[Caption-style text data]
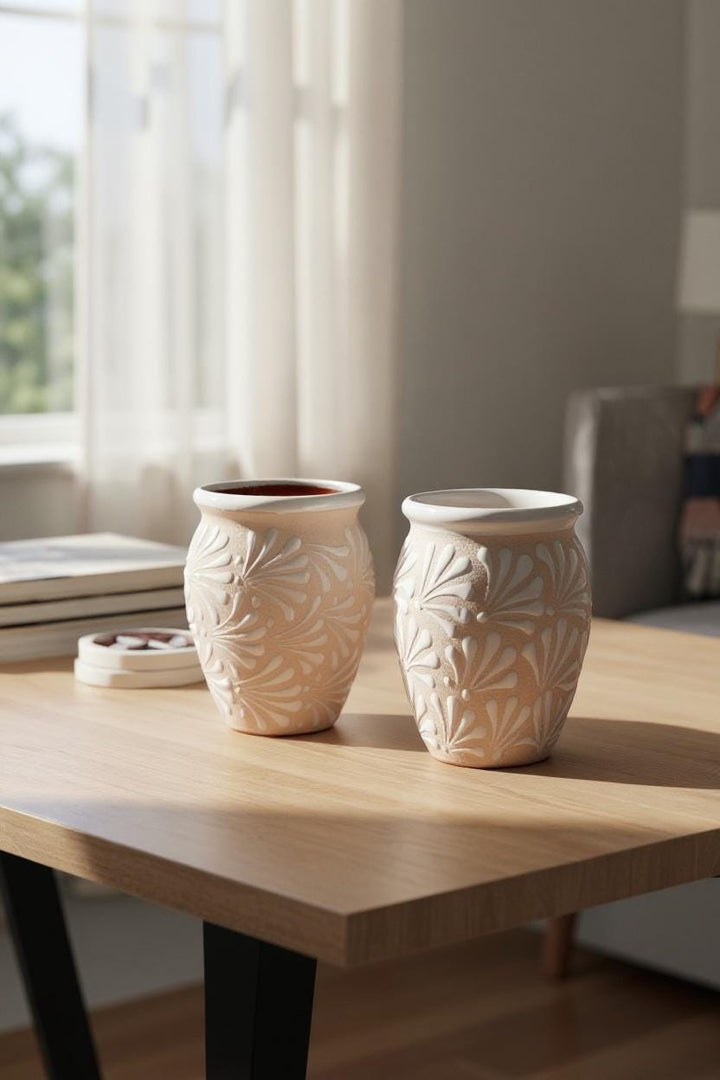 Hand Painted Large Ivory Cream and White Rustic Clay Cantarito – Assorted Quantities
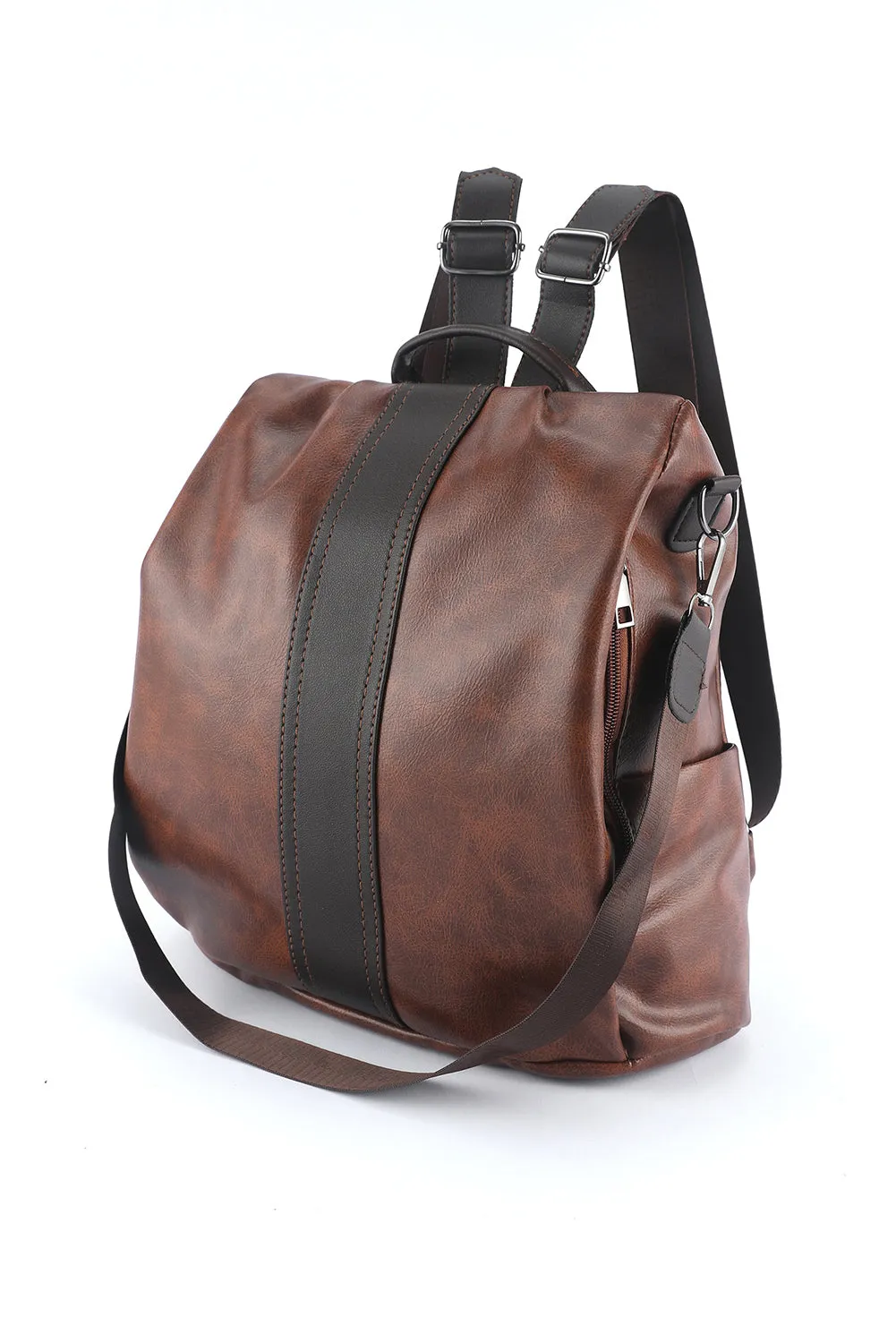 Brown Multifunctional Retro Faux Leather Backpack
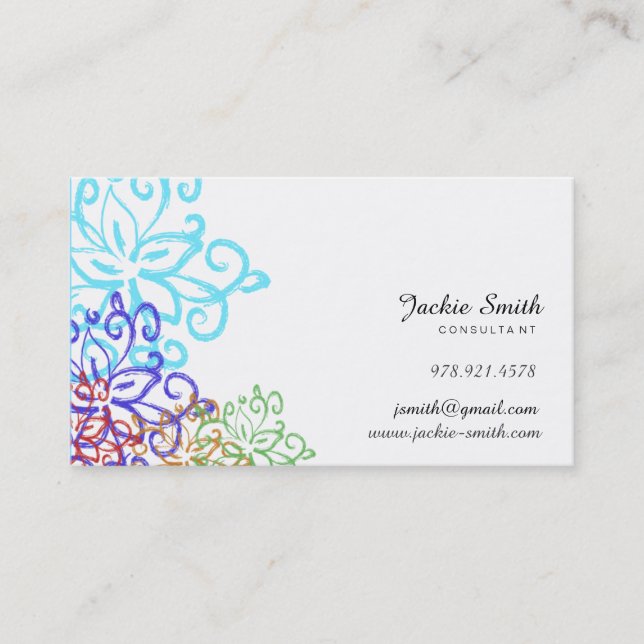 Elegant, Vintage Floral Patterned Business Card (Front)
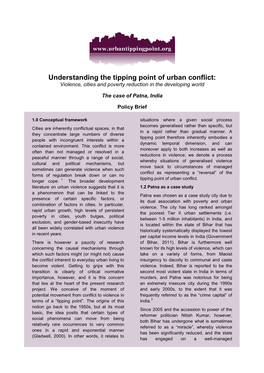 Understanding the Tipping Point of Urban Conflict: Violence, Cities and Poverty Reduction in the Developing World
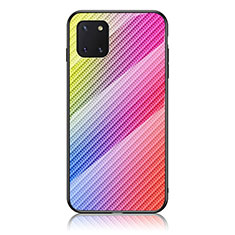 Silikon Schutzhülle Rahmen Tasche Hülle Spiegel Farbverlauf Regenbogen LS2 für Samsung Galaxy Note 10 Lite Rosa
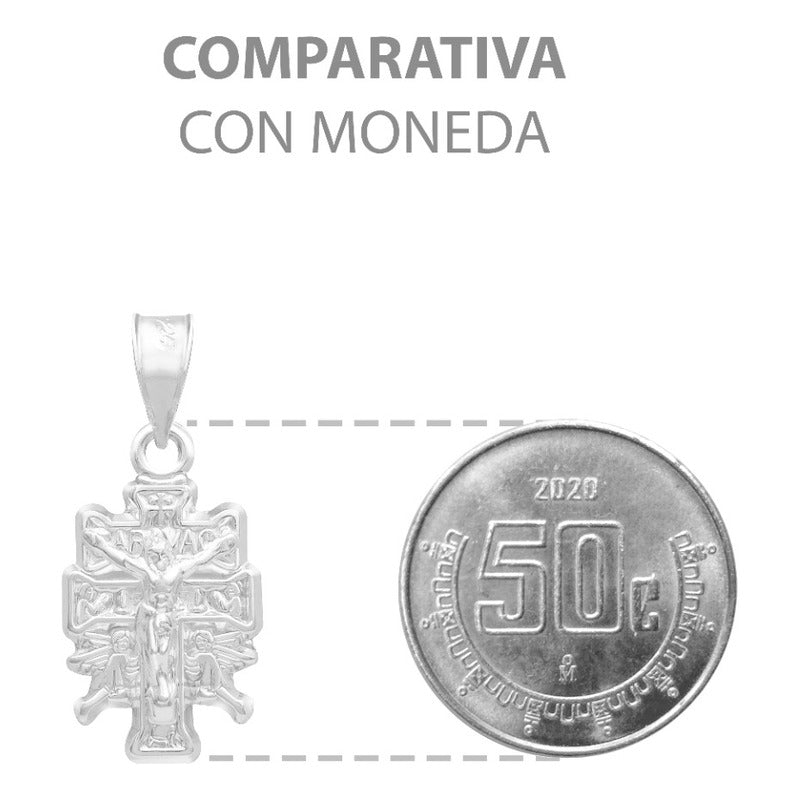 Dije Cruz Caravaca Troquelada Cristo Angel Plata S925 2 Cm Plateado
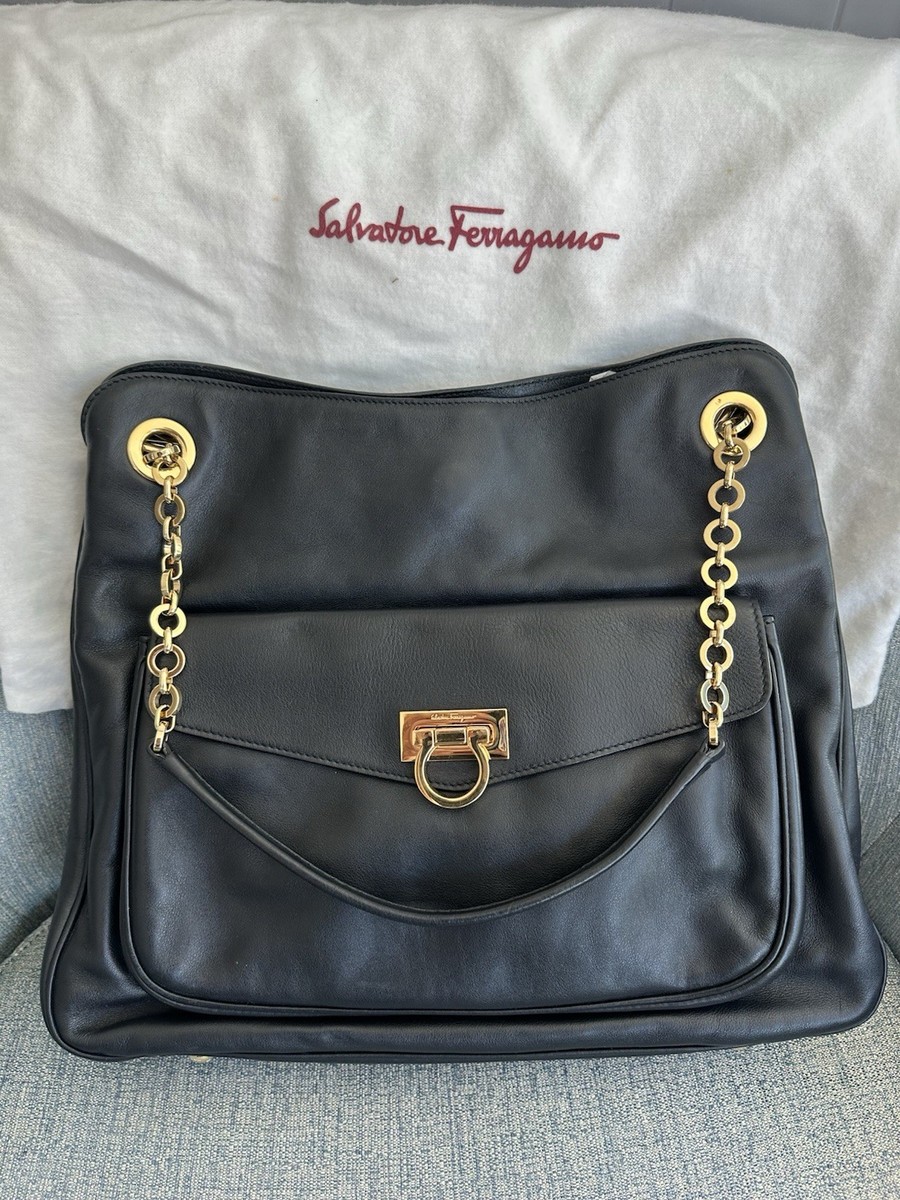 Salvatore Ferragamo Sheba Black Leather Handbag Shoulder Bag Chain Strap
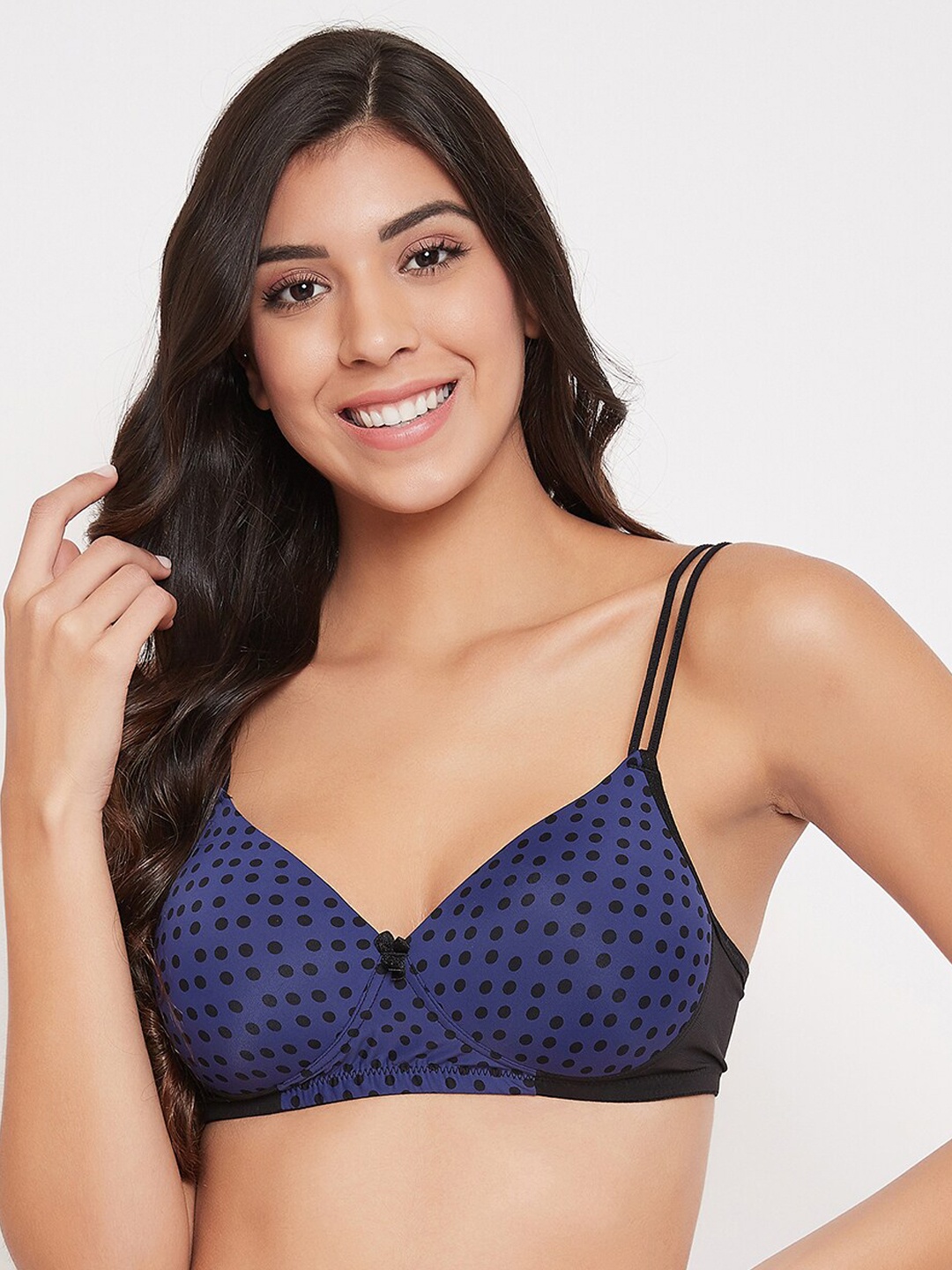 

Clovia Blue Printed Non-Wired Lightly Padded T-shirt Bra BR1737A0836E
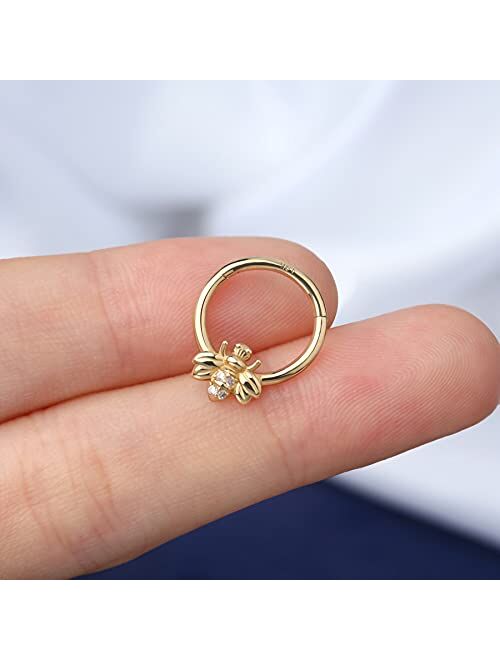OUFER Gold Nose Rings Hoop Bee Septum Piercing Jewelry 14K Solid Gold Daith Earrings Hinged Segment Ring Helix Tragus Conch Cartilage Earrings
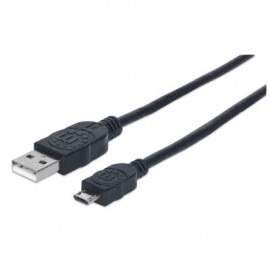 CABLE MANHATTAN USB A MACHO - MICRO B MACHO 0.5M NEGRO 325677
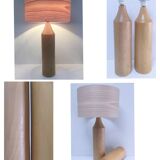 Two designer solid wood "pencil" lamp bases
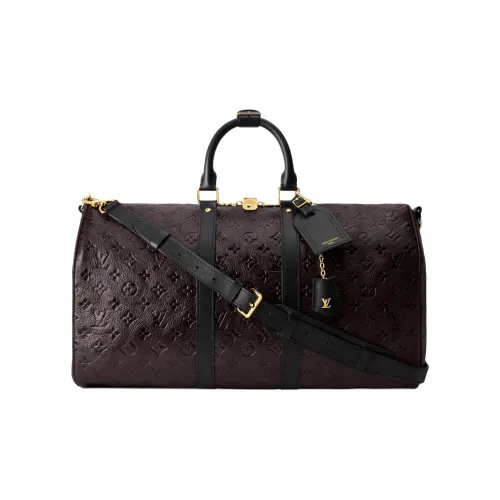 LOUIS VUITTON Keepall Тисненая коровья кожа сумка через плечо дорожная сумка сумка для женщин цвет махагони коричневый
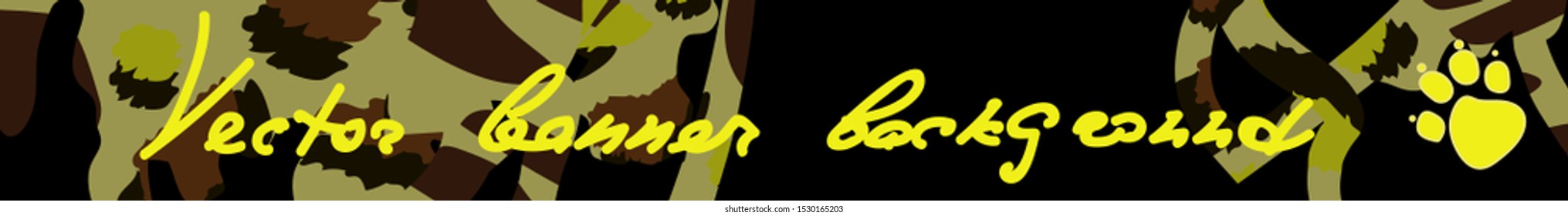 Abstract safari full banner template. Leopard style spots, animal paw and handwritten neon green lettering Vector banner template on black background. Stylish Brigt Vector web site banner.	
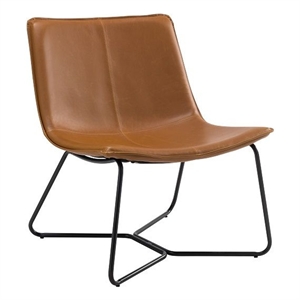 Gemma Upholstered Tan Faux Leather Lounge Chair With Black Sled Legs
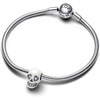 image:imagePANDORA GlowintheDark Sparkling Skull Charm  Compatible Moments  Sterling Silver with Cubic Zirconia  Gift for Her  Jewelry for Women with Gift Box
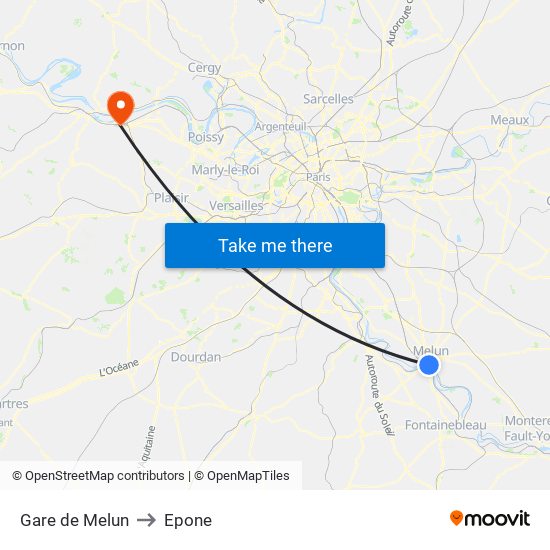 Gare de Melun to Epone map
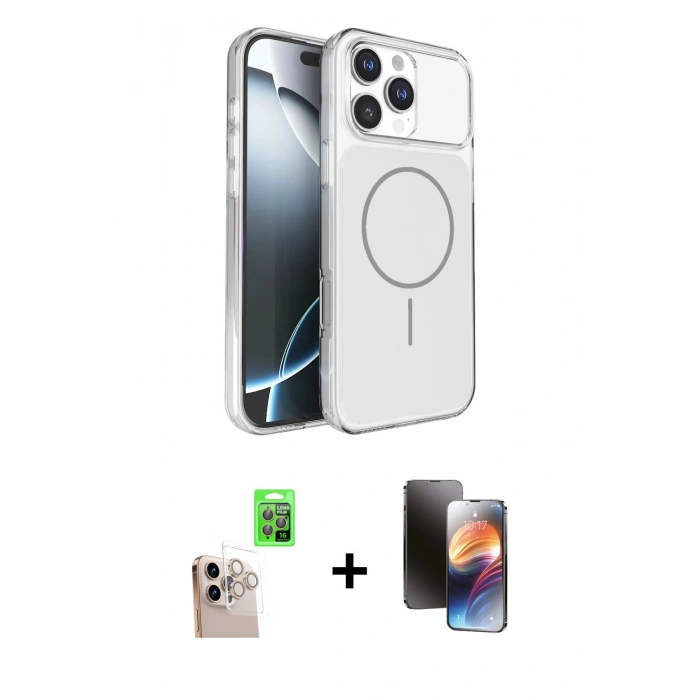MARSİLYAN™- iPhone 16 Pro Max Kılıf Kutup Doku Serisi - Siyah 3D Antistatik Mat Seramik Nano Ekran Koruyucu + Natural Grey Raze Metal Kamera Lens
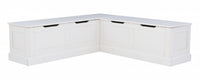Tobin Backless Corner Nook Dining Bench - White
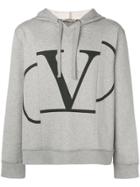Valentino Logo Print Hoodie - Grey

## TRY IT
After dropping every picture, transcribe each entry exactly.

## FINISHED TASK
 Hand Painted Large Ivory Cream and White Rustic Clay Cantarito – Assorted Quantities
 Brown Multifunctional Retro Faux Leather Backpack
 Elegant, Vintage Floral Patterned Business Card (Front)
 Understanding the Tipping Point of Urban Conflict: Violence, Cities and Poverty Reduction in the Developing World
 Silikon Schutzhülle Rahmen Tasche Hülle Spiegel Farbverlauf Regenbogen LS2 für Samsung Galaxy Note 10 Lite Rosa
 Dije Cruz Caravaca Troquelada Cristo Angel Plata S925 2 Cm Plateado
 Salvatore Ferragamo Sheba Black Leather Handbag Shoulder Bag Chain Strap

Clovia Blue Printed Non-Wired Lightly Padded T-shirt Bra BR1737A0836E
OUFER Gold Nose Rings Hoop Bee Septum Piercing Jewelry 14K Solid Gold Daith Earrings Hinged Segment Ring Helix Tragus Conch Cartilage Earrings
 CABLE MANHATTAN USB A MACHO - MICRO B MACHO 0.5M NEGRO 325677
 Two designer solid wood "pencil" lamp bases
 LOUIS VUITTON Keepall Тисненая коровья кожа сумка через плечо дорожная сумка сумка для женщин цвет махагони коричневый
 Abstract safari full banner template. Leopard style spots, animal paw and handwritten neon green lettering Vector banner template on black background. Stylish Brigt Vector web site banner.	
 Gemma Upholstered Tan Faux Leather Lounge Chair With Black Sled Legs
 image:imagePANDORA GlowintheDark Sparkling Skull Charm  Compatible Moments  Sterling Silver with Cubic Zirconia  Gift for Her  Jewelry for Women with Gift Box
 Gare de Melun to Epone map
MARSİLYAN™- iPhone 16 Pro Max Kılıf Kutup Doku Serisi - Siyah 3D Antistatik Mat Seramik Nano Ekran Koruyucu + Natural Grey Raze Metal Kamera Lens
Tobin Backless Corner Nook Dining Bench - White
Valentino Logo Print Hoodie - Grey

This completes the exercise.